=== Section Start ===

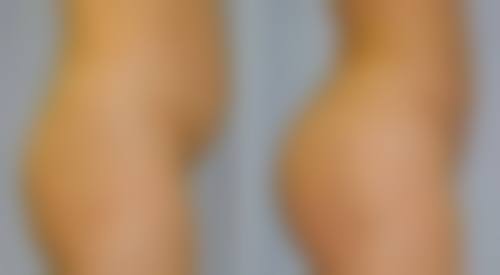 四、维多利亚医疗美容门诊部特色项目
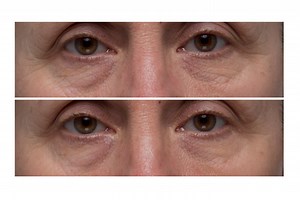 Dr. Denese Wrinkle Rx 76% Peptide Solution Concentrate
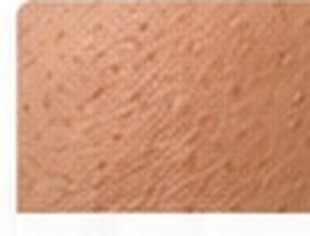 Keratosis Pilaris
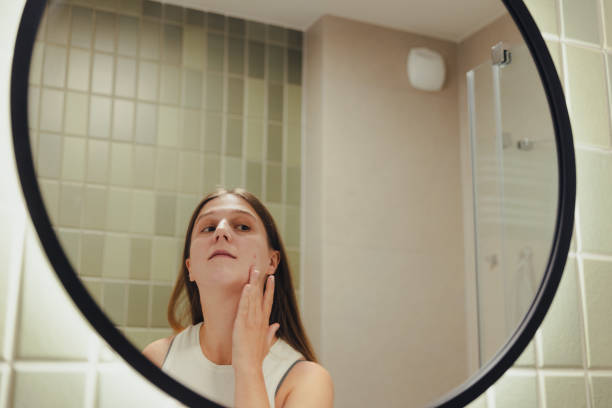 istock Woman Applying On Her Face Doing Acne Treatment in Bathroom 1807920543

=== Section End ===

** WORK ORDER **
Exactly the lines from the line with "Dr. Denese Wrinkle" through the last line of the listing, both included, should be extracted, and the pictures left behind.

** RESPONSE BELOW **
 Dr. Denese Wrinkle Rx 76% Peptide Solution Concentrate
 Keratosis Pilaris
 istock Woman Applying On Her Face Doing Acne Treatment in Bathroom 1807920543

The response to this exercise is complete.